AIM OF THE TASK:
Exact copy, pictures excluded: please retype every record below.

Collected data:
Content starts

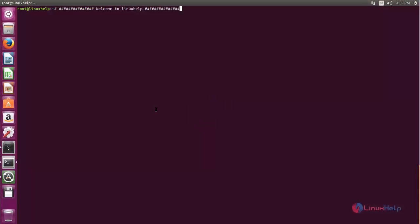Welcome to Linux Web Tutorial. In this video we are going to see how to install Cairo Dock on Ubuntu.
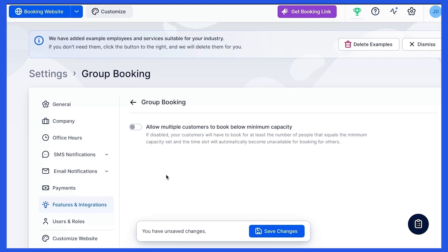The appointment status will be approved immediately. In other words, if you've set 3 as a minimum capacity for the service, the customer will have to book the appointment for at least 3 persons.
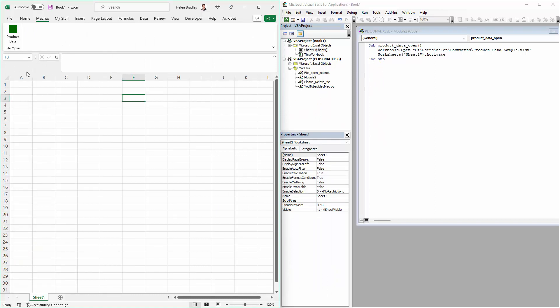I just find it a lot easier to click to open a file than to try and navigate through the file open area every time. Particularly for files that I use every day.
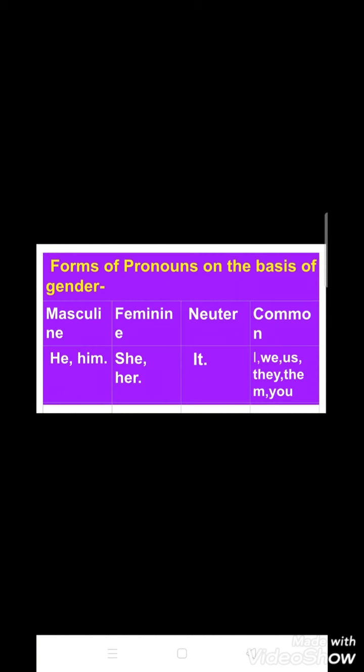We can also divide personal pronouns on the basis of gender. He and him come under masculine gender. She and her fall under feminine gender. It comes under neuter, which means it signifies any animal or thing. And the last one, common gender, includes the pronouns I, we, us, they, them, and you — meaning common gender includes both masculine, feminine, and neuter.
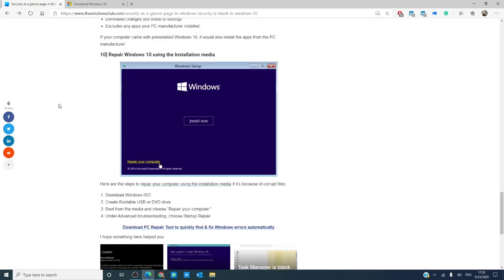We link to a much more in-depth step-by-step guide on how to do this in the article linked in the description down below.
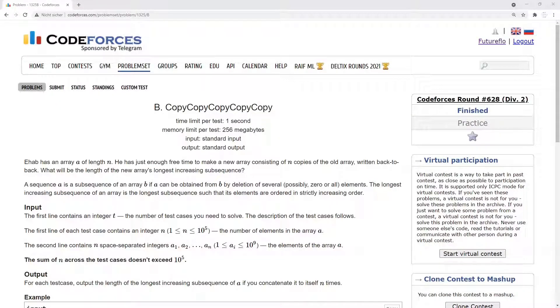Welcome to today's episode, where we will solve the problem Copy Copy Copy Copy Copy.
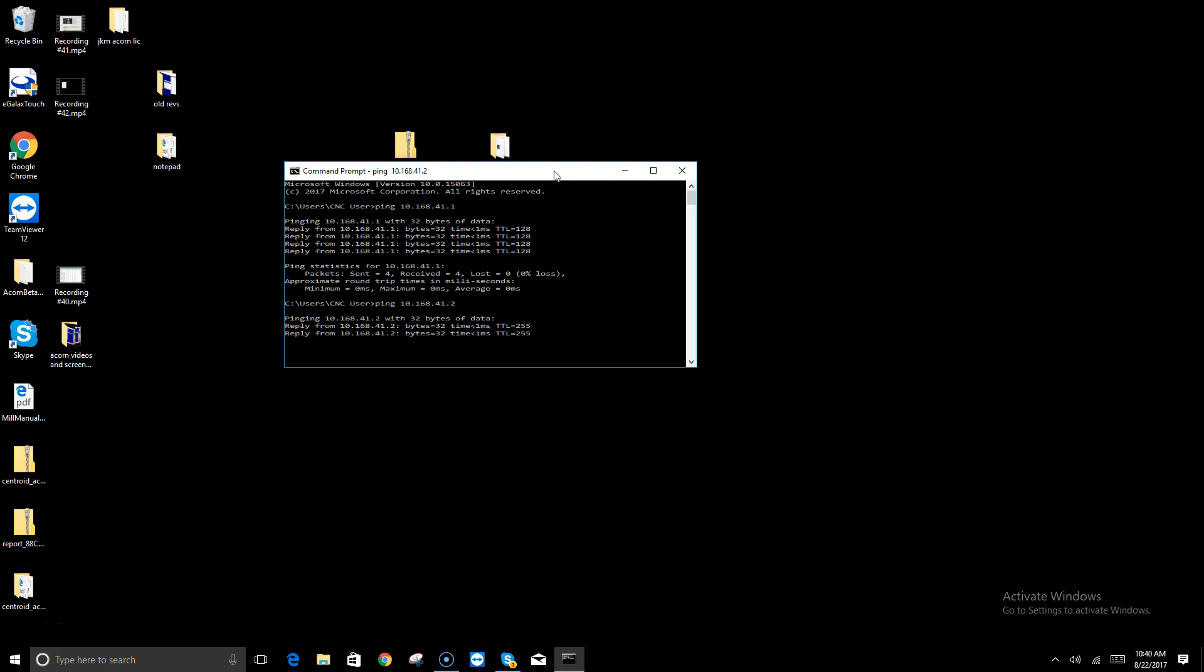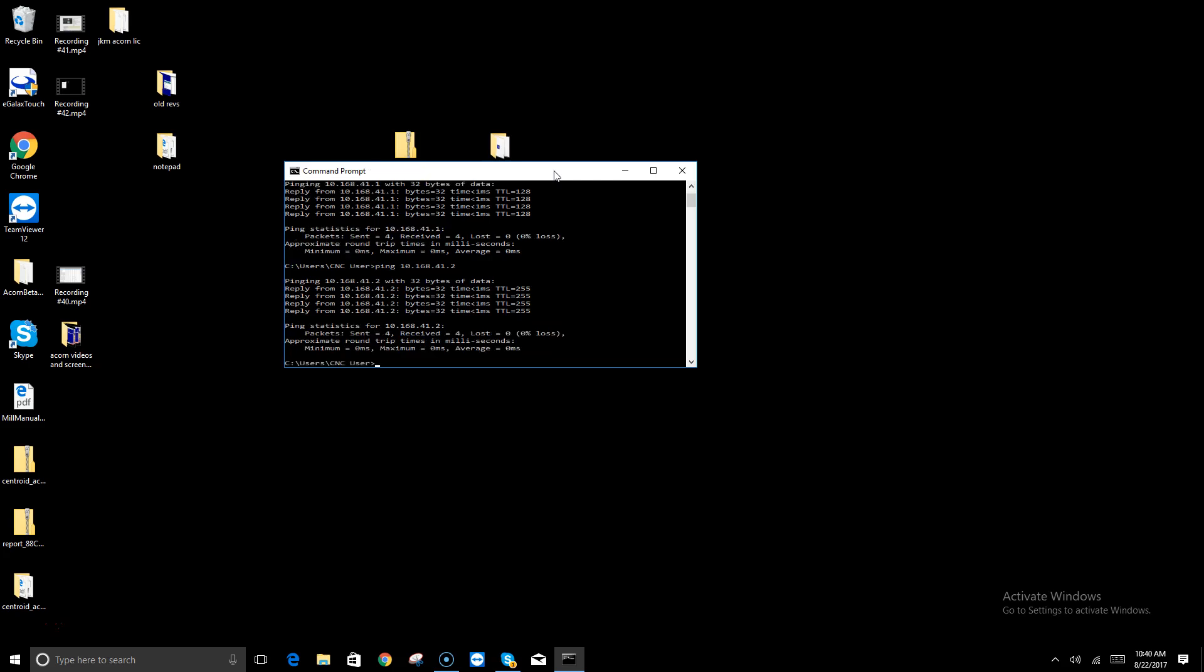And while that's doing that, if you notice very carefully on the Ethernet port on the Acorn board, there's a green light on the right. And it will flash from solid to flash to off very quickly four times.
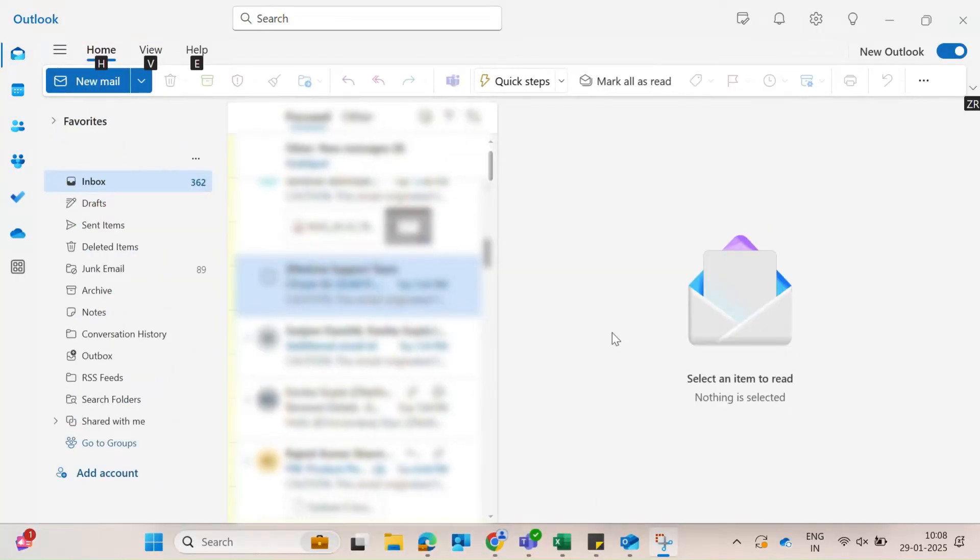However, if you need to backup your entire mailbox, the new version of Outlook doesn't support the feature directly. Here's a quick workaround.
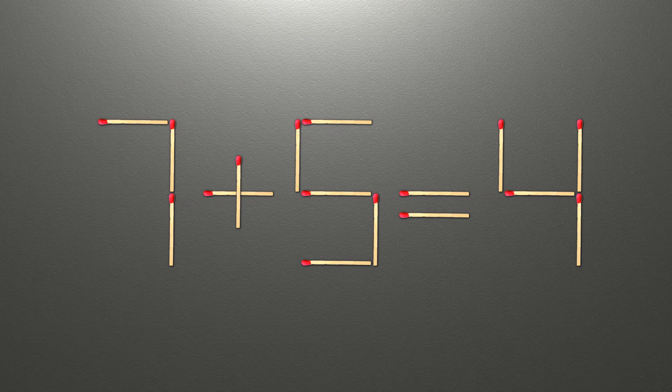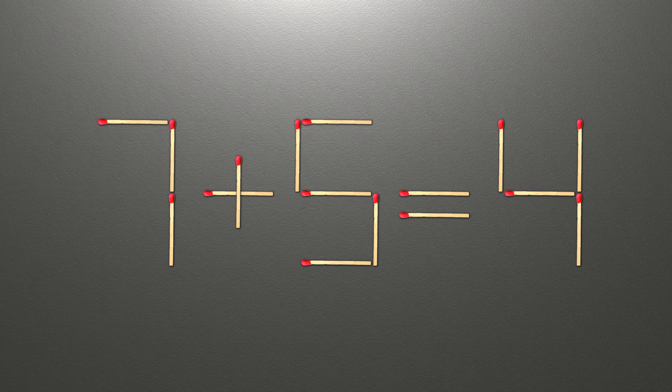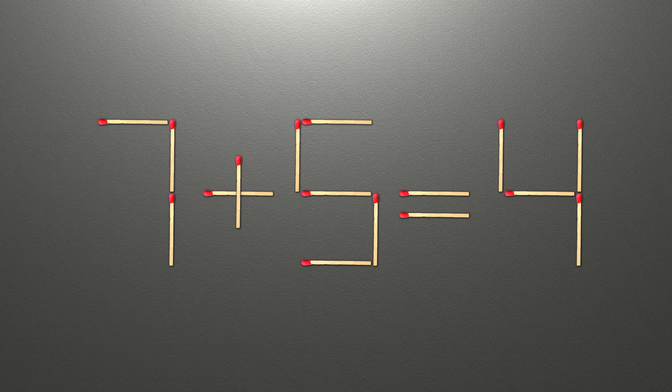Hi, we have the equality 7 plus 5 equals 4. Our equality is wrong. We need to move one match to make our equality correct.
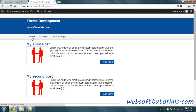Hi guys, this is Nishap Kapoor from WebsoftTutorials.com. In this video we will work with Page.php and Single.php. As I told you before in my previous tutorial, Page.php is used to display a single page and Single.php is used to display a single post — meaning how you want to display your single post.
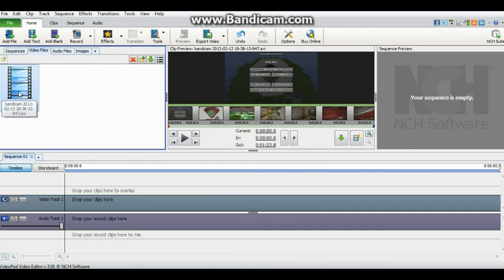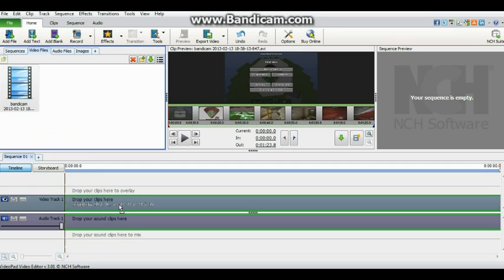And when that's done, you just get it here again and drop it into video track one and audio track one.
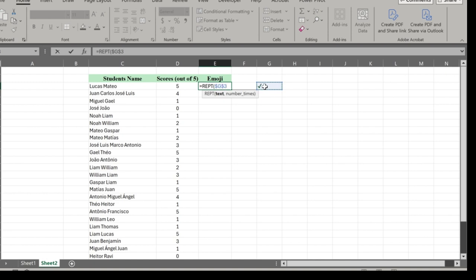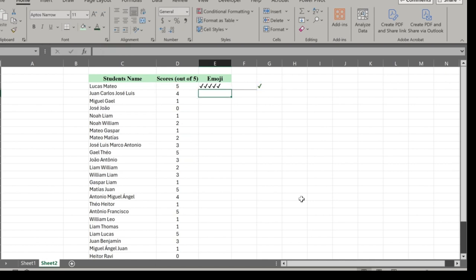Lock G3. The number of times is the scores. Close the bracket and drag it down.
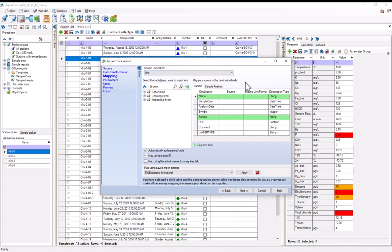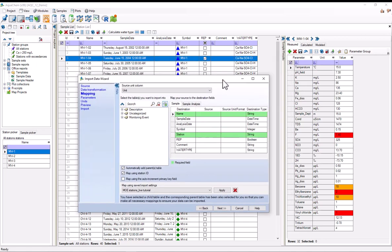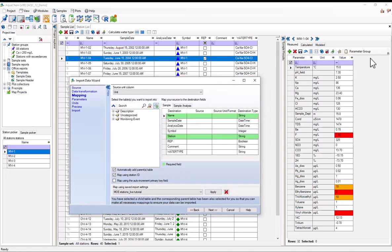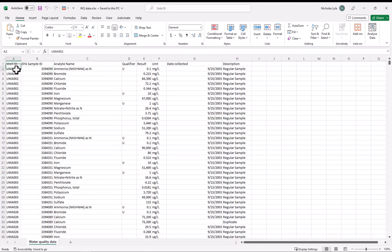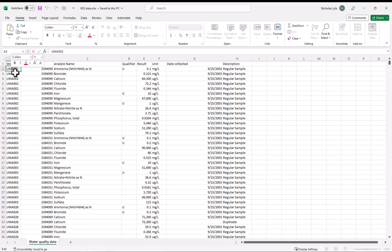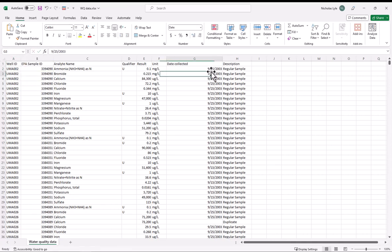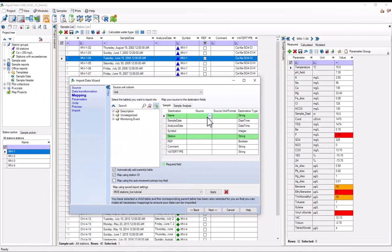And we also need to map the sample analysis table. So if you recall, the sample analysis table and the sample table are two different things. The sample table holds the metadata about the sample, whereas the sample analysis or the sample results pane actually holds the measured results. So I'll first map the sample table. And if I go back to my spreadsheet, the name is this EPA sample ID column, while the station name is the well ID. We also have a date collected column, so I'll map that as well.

Content ends

WRITTEN SOLUTION:
Welcome to Linux Web Tutorial. In this video we are going to see how to install Cairo Dock on Ubuntu.
The appointment status will be approved immediately. In other words, if you've set 3 as a minimum capacity for the service, the customer will have to book the appointment for at least 3 persons.
I just find it a lot easier to click to open a file than to try and navigate through the file open area every time. Particularly for files that I use every day.
We can also divide personal pronouns on the basis of gender. He and him come under masculine gender. She and her fall under feminine gender. It comes under neuter, which means it signifies any animal or thing. And the last one, common gender, includes the pronouns I, we, us, they, them, and you — meaning common gender includes both masculine, feminine, and neuter.
We link to a much more in-depth step-by-step guide on how to do this in the article linked in the description down below.
Welcome to today's episode, where we will solve the problem Copy Copy Copy Copy Copy.
And while that's doing that, if you notice very carefully on the Ethernet port on the Acorn board, there's a green light on the right. And it will flash from solid to flash to off very quickly four times.
However, if you need to backup your entire mailbox, the new version of Outlook doesn't support the feature directly. Here's a quick workaround.
Hi, we have the equality 7 plus 5 equals 4. Our equality is wrong. We need to move one match to make our equality correct.
Hi guys, this is Nishap Kapoor from WebsoftTutorials.com. In this video we will work with Page.php and Single.php. As I told you before in my previous tutorial, Page.php is used to display a single page and Single.php is used to display a single post — meaning how you want to display your single post.
And when that's done, you just get it here again and drop it into video track one and audio track one.
Lock G3. The number of times is the scores. Close the bracket and drag it down.
And we also need to map the sample analysis table. So if you recall, the sample analysis table and the sample table are two different things. The sample table holds the metadata about the sample, whereas the sample analysis or the sample results pane actually holds the measured results. So I'll first map the sample table. And if I go back to my spreadsheet, the name is this EPA sample ID column, while the station name is the well ID. We also have a date collected column, so I'll map that as well.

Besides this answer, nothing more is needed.